### [Your task]
Word for word, set down the lines from the one that contains "adidas Real Madrid" through the final line of the data; no pictures belong in the copy.

══ Data records ══

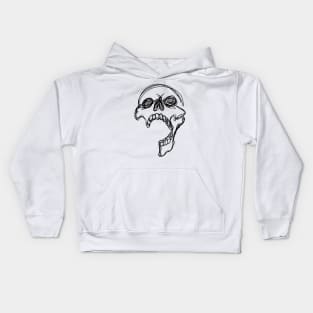 Skull One line Kids Hoodie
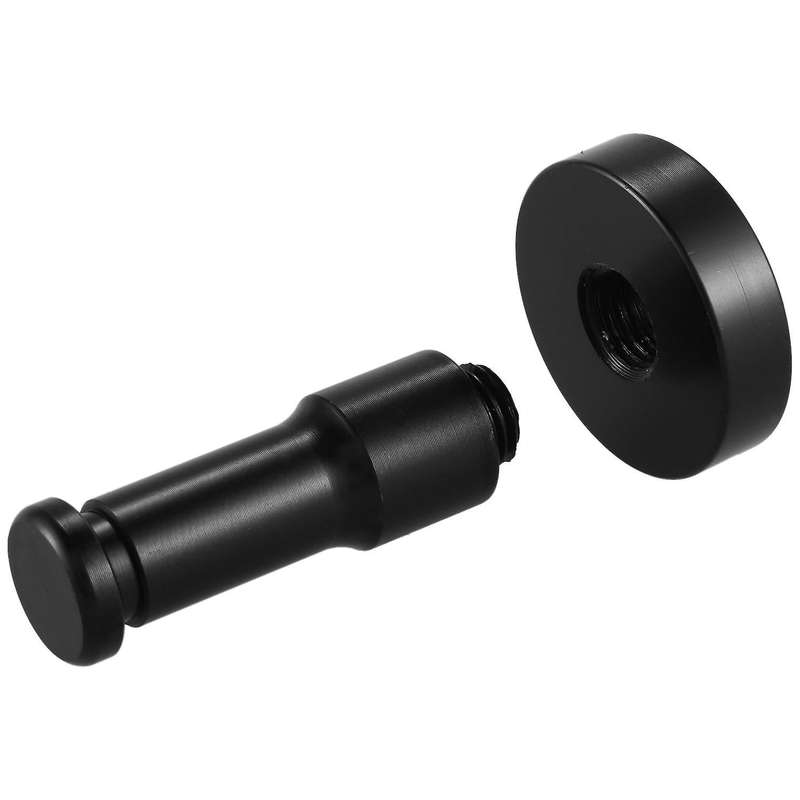 Decorative Aluminum Wall Towel Hanger Clothes Robe Hooks 1pc Black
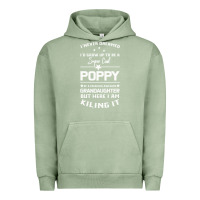 Pigment Oil Green Super Cool Poppy Of A Freaking Awesome Granddaugh Urban Hoodie - Bettercallsaul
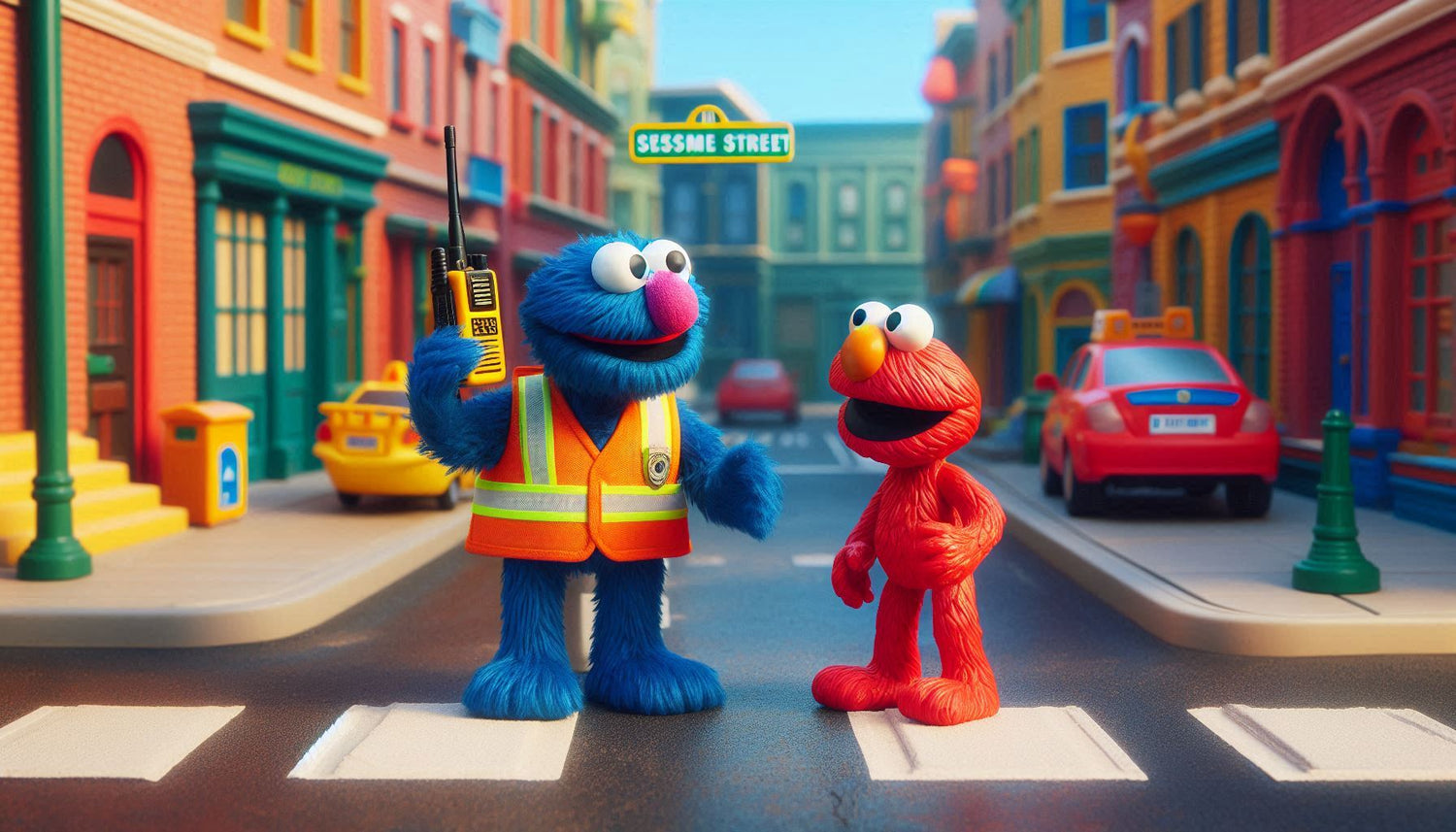 Grover’s Safety Adventures: Walkie-Talkies Save the Day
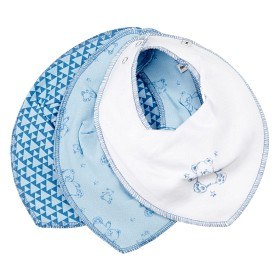 Bild på Pippi Drybib 3-pack Eko (Dusty Blue)
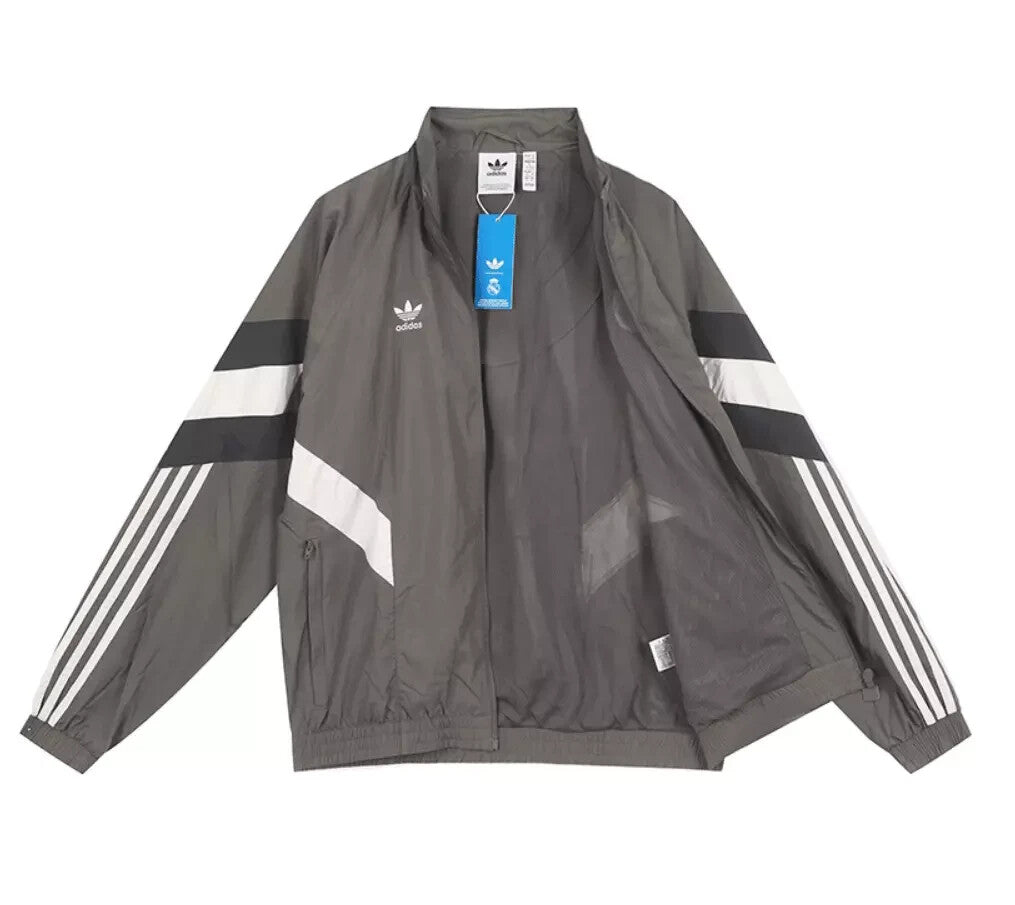 adidas Real Madrid Lifestyle OG Track Top Charcoal Dark Gray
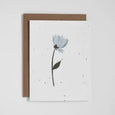 Plantable Greeting Card - Single Blue Flower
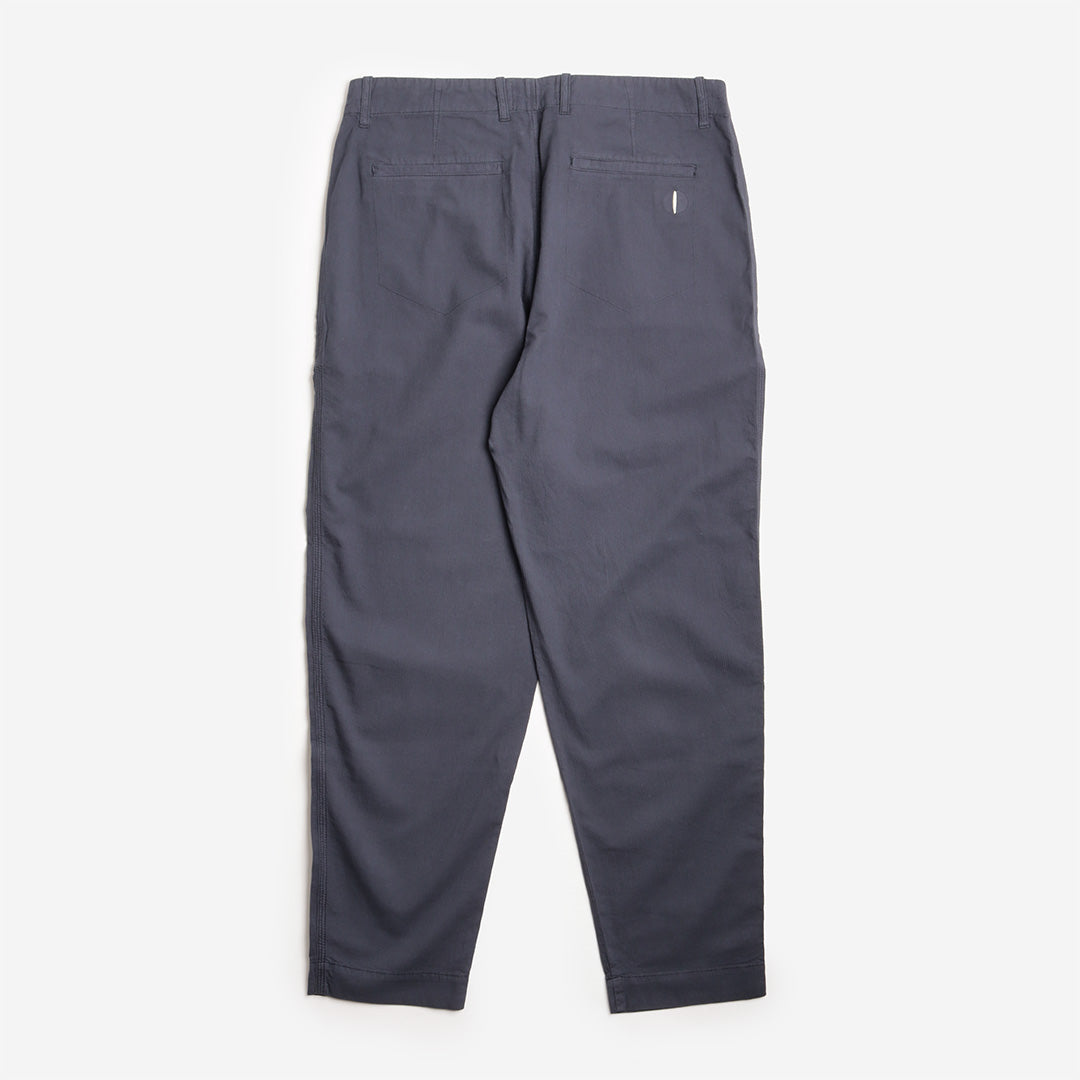 Folk Assembly Pant, Navy Mini Stripe, Detail Shot 2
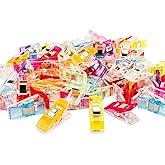 Multipurpose Sewing Clips, 100 Pcs Premium Plastic Fabric Clips Supplies, Perfect Alternative Sewing and Quilting Pins, Fit A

═══

### [Written response]
 adidas Real Madrid Lifestyle OG Track Top Charcoal Dark Gray
 Plantable Greeting Card - Single Blue Flower
 Folk Assembly Pant, Navy Mini Stripe, Detail Shot 2
 Multipurpose Sewing Clips, 100 Pcs Premium Plastic Fabric Clips Supplies, Perfect Alternative Sewing and Quilting Pins, Fit A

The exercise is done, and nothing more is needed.